Second, as to the federalism implications, the Department reiterates that the rule will not have substantial direct effects on the States, on the relationship between the National Government and the States, or on the distribution of power and responsibilities among the various levels of government as laid out in Executive Order 13132. The commenter misunderstands the purpose of Executive Order 13132. It is intended to limit Federal power to make national standards in policy and legislation that would preempt States from developing their own, and to prevent imposition of “unfunded mandates” on States by the Federal Government. The amendments at issue here do not implicate these concerns, nor do they implicate the anti-commandeering principle. The Federal Government would be implementing its own policy by an agreement with a willing State government and would cover any costs to the State, as expressly provided by section 3597(a). It is notable that Federal executions routinely occurred in State facilities in the 20th century, and that practice does not appear to have raised any federalism concerns. See Execution Protocol Cases, 955 F.3d at 137 (Rao, J., concurring). It also is significant that no State government—that is, none of the affected entities—commented in opposition to the proposed regulation.
For these reasons, the final rule makes no changes to the proposed rule's amendments to implement the statutory authority to use and pay for State facilities.
C. Other Amendments
1. § 26.1
The NPRM proposed to add a new provision, § 26.1(b), that would authorize the Attorney General to vary from the regulation to the extent necessary to comply with applicable law. One commenter commented that the NPRM did not provide sufficient explanation of why the addition of this paragraph was necessary or identify the legal basis for that paragraph. In addition, the commenter claimed that the new paragraph would provide a catch-all provision allowing the Attorney General to ignore or change regulations at will with no further process, and ad hoc, even in specific cases for impermissible reasons, at the last moment, and without notice. The commenter claimed that this would be a conflict of interest as well, because the Attorney General could change the regulations that apply to the individual his agency is responsible for prosecuting and executing. The comment identified these alleged concerns but did not suggest specific changes to the proposed rule.

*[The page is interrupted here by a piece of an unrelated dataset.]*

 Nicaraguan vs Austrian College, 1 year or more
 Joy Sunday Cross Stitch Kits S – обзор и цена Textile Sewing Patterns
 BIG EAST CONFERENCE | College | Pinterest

The Department declines to make changes to the proposed rule in response to the comment. This provision was added to account for the statutory requirement that the Attorney General implement an execution “in the manner prescribed by the law of the State in which the sentence is imposed.” 18 U.S.C. 3596(a). The new paragraph is therefore intended only to ensure that the Attorney General can comply with State statutes that contradict the regulations. It is possible that at some point in the future a State statute that applies to the execution of a Federal inmate may differ, even in a minor respect, from the regulations. The specifics of such a difference are not currently foreseeable, however. Hence, in order to allow the execution to proceed without undue delay, this provision authorizes the Attorney General to account for that difference. The language of new § 26.1(b) itself clearly indicates that this is the intended purpose. It states, emphasis added, “Where applicable law conflicts with any provision of this part, the Attorney General may vary from that provision to the extent necessary to comply with the applicable law.” In fact, rather than providing the Attorney General with discretion to act arbitrarily or ad hoc, this provision limits the Attorney General's ability to vary from the regulation only in circumstances where controlling law requires him to do so and only to the extent necessary.
For these reasons, the final rule adopts new § 26.1(b) as proposed.

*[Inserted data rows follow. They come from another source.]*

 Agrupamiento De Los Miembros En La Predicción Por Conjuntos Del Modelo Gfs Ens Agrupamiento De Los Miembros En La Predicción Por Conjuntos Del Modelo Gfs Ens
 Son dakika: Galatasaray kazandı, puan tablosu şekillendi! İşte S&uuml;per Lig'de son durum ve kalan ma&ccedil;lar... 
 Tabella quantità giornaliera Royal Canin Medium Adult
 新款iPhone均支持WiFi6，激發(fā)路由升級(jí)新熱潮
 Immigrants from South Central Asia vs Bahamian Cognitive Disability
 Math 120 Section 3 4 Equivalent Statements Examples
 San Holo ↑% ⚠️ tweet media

The NPRM also proposed to add a new provision, § 26.1(c), that would reiterate the Attorney General's authority to manage the Department's execution process, by stating that any task or duty assigned to any officer or employee of the Department of Justice under part 26 may be delegated by the Attorney General to any other officer or employee of the Department of Justice. Two commenters opposed this provision, stating that this change would allow the Attorney General to change regulations without notice to the public, rewrite the statute in violation of Congress's specific designation of certain officials—particularly a United States Marshal—to carry out certain duties, and violate the “statutory scheme” for executions in which the U.S. Marshals Service is given responsibility and accountability for implementation.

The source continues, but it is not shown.